I have a network location, \\myserver\myshare
. On my Windows XP box, I wish to map this location to the path c:\somefolder
. Am I asking the impossible?
I have a network location, \\myserver\myshare
. On my Windows XP box, I wish to map this location to the path c:\somefolder
. Am I asking the impossible?
Are you sure this is really what you want to do? There's a very good article on why this is a bad bad bad idea over at Joel on Software (see point #3)...
If you want to know why, read the relevant parts of the article.
You are asking the impossible :)
You need a NTFS symbolic link for what you want.
Unlike an NTFS junction point (available since Windows 2000), a symbolic link can also point to a file or remote SMB network path.
SMB2 is required for symbolic links in windows, which is written into the vista/win7 network stacks.
Probably not the way you're intending. Windows handles symlinks as a physical descriptor. The tool to create them is "linkd" on WinXP. It requires a local filesystem formated for NTFS as a target.
The closest Windows gets is through DFS. In that case you're creating a special share on a server that your workstation maps to. That share then has its own assembled name-space that's probably what you're looking for. It isn't local, though.

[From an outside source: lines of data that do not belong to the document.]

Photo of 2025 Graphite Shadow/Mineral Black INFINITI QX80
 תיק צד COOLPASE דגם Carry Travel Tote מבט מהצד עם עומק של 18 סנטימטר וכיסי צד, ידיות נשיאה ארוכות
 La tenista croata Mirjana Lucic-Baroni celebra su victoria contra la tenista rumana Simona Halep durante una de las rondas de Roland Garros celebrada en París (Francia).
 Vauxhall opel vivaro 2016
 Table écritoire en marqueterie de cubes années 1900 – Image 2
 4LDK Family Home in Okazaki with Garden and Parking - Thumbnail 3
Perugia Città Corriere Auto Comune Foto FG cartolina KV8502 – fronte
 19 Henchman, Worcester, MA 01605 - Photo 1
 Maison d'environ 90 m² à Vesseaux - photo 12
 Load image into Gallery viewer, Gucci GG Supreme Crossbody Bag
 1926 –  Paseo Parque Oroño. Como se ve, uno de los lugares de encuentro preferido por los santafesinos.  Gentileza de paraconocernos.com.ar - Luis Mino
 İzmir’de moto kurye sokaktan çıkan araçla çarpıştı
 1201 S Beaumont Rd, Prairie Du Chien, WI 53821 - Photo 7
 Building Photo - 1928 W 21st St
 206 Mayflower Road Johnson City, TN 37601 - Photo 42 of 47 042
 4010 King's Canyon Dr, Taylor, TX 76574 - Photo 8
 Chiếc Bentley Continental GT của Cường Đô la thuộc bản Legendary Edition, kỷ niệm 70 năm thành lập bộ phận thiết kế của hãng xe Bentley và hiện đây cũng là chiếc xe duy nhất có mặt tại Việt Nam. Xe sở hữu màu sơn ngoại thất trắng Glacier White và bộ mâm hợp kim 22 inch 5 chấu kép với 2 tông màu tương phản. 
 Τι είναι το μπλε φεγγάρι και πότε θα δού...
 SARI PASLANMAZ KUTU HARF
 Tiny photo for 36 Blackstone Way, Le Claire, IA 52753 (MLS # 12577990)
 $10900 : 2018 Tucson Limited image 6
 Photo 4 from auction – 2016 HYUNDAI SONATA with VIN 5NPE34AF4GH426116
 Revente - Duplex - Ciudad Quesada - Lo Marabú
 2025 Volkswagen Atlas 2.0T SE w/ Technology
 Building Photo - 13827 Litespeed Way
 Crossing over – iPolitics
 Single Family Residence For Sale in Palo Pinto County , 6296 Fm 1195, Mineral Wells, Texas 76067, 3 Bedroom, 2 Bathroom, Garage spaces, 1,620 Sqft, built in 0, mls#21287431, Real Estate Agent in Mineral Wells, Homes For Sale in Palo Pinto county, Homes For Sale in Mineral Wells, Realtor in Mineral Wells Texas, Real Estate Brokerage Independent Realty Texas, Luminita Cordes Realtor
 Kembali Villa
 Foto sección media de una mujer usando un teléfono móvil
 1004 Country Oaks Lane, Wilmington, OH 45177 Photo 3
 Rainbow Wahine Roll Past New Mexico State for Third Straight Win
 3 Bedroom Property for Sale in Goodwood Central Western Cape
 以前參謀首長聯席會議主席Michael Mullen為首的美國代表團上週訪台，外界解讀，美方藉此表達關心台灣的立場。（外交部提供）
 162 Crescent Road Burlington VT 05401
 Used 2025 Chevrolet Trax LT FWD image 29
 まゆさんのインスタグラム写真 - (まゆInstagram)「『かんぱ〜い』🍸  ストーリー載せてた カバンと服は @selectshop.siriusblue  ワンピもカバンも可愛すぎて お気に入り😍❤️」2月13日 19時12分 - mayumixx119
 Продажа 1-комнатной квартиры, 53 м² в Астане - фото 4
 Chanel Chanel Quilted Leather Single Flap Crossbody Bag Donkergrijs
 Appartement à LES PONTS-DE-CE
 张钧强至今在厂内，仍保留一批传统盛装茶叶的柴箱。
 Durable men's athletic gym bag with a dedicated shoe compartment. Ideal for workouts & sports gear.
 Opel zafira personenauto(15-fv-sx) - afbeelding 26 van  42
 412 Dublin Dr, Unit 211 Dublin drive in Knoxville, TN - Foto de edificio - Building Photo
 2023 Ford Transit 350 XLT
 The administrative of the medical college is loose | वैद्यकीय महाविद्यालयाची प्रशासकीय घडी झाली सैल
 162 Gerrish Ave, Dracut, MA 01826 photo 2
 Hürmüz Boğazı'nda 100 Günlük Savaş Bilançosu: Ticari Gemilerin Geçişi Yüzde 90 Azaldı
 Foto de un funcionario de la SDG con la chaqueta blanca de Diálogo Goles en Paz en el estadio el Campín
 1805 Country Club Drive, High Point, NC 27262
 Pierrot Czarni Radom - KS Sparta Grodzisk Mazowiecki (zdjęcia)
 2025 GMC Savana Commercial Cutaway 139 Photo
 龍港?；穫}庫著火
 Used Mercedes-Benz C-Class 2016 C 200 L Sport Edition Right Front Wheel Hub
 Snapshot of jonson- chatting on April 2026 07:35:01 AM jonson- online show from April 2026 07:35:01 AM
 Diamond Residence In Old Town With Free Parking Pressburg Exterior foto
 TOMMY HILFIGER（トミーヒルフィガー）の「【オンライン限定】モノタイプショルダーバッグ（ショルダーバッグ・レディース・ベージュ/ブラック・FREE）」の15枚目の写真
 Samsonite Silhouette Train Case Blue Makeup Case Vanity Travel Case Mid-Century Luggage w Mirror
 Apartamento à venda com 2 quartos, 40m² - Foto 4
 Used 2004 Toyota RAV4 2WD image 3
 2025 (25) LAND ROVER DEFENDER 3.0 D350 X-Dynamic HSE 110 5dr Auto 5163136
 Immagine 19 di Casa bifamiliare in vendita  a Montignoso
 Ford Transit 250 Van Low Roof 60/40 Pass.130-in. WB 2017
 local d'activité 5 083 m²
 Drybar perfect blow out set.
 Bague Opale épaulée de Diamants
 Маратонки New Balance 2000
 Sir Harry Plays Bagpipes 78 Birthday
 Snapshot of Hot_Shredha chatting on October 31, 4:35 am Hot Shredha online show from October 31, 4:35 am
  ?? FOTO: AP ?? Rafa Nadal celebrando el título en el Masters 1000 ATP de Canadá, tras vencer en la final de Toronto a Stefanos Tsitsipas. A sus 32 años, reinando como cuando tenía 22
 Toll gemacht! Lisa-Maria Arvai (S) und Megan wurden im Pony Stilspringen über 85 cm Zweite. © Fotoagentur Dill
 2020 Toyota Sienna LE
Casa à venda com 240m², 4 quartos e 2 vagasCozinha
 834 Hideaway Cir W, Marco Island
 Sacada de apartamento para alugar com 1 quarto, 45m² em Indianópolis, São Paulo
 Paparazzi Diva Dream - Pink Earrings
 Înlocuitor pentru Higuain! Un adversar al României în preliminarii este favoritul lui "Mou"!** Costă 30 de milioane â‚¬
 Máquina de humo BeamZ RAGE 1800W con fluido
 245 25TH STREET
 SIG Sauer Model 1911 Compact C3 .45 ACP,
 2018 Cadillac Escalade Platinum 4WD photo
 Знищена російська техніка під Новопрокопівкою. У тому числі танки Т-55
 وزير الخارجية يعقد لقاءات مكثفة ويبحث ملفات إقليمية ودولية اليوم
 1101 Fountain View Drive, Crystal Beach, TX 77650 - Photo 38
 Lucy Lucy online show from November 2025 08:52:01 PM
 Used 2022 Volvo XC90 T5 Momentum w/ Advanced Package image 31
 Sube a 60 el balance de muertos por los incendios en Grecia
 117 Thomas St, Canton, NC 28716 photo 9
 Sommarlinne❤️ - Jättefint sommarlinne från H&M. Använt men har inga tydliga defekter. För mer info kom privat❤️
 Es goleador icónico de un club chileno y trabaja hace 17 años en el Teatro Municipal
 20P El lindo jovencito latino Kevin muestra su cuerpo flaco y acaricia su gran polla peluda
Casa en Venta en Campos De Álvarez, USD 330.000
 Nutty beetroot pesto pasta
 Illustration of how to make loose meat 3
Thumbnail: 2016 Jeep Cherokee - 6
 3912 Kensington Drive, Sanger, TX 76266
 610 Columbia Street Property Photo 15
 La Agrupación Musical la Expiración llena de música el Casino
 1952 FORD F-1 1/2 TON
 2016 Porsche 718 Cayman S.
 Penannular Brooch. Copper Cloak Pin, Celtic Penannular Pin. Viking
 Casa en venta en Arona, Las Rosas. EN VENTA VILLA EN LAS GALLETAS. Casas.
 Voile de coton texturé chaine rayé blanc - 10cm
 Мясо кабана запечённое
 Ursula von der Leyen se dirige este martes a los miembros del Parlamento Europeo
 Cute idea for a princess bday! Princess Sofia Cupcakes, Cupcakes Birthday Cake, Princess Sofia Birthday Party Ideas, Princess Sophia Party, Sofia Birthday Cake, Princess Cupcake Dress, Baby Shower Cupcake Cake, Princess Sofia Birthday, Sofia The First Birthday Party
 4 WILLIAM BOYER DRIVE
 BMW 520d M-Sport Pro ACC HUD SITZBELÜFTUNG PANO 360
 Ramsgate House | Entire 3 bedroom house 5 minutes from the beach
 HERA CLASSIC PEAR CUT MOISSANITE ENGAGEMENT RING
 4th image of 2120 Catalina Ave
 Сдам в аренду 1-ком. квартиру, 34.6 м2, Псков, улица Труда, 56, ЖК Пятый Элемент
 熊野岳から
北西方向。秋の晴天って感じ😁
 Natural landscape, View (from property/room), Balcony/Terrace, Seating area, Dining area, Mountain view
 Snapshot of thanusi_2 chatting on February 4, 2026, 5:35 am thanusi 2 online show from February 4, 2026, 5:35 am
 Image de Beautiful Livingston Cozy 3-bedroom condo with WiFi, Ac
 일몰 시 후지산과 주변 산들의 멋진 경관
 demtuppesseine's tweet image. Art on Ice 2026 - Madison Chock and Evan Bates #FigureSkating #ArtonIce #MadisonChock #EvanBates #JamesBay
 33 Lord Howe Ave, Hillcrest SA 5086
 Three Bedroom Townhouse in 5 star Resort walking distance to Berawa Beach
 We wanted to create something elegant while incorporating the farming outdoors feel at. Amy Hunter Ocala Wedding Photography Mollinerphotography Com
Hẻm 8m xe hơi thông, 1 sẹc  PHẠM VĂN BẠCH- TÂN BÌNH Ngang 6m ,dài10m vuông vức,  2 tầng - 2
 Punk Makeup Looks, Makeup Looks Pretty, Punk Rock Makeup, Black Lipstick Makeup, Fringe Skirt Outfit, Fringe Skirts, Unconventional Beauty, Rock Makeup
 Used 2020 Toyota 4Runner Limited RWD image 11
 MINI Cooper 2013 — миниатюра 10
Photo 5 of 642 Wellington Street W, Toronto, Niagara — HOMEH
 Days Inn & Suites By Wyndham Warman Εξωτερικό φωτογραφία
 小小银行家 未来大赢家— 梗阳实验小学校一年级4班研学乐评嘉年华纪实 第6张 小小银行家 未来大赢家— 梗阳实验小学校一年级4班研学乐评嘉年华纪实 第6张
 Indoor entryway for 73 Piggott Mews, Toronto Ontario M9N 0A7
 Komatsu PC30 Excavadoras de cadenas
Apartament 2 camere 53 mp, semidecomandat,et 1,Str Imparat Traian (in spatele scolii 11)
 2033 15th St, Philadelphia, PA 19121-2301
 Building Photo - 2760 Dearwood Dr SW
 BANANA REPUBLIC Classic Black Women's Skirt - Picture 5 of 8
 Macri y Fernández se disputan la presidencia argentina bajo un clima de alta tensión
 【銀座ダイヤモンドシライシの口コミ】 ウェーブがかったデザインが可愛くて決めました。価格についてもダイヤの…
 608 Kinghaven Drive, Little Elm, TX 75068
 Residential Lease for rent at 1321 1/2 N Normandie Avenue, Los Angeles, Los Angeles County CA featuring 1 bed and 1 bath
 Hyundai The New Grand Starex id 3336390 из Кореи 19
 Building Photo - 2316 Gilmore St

On Vista (and later) you can create a symbolic link with mklink.
The answer is I asked the impossible. There's no way to do what I wanted.
I havent tried this...and I am not exactly sure what you are talking about, but could you start off with \\127.0.0.1
THis is just a guess.
I'm not too sure if this is what you're after, but windows XP can Map Network Drive/Network Folder into a drive (Z:\ etc) but not to a specific folder.
I'm not sure what you're trying to achieve, but if you have a software that requires access to their files in a local-looking drive, you can do a Map-Network Drive and that should do it for you. (But please take note of Farseeker's answer and the link provided).
If you simply need a way to access your network drive easily, create a Shortcut directly to the Network Drive (or map the network drive).